# Work to be completed
The expected output is an exact copy of the lines from the one containing "Epicauta minutepunctata" through the final line of the entries below, with no images.

# Excerpted records
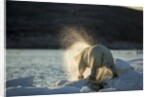 Polar Bear on Iceberg in Hudson Bay, Nunavut, Canada by Anonymous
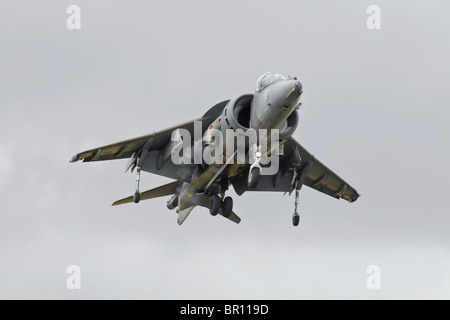 Un Bae Systems Harrier GR9 jump jet strike fighter del RAF Foto Stock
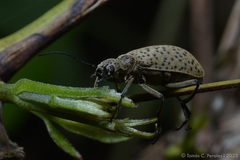 Epicauta minutepunctata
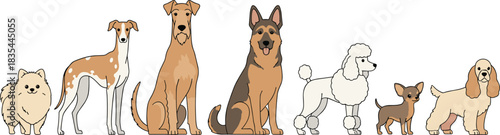 Ultimate collection of diverse canine and feline graphic assets, showcasing colorful cartoon styles and bold black and white breed outlines for merchandise and media.
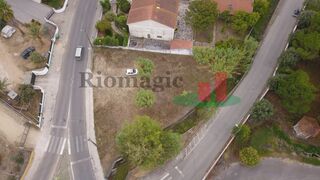 -210776510_IDf4b07301-0000-0500-0000-000013bafba1.jpg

# Answer for the task
 Epicauta minutepunctata
 Ultimate collection of diverse canine and feline graphic assets, showcasing colorful cartoon styles and bold black and white breed outlines for merchandise and media.
 -210776510_IDf4b07301-0000-0500-0000-000013bafba1.jpg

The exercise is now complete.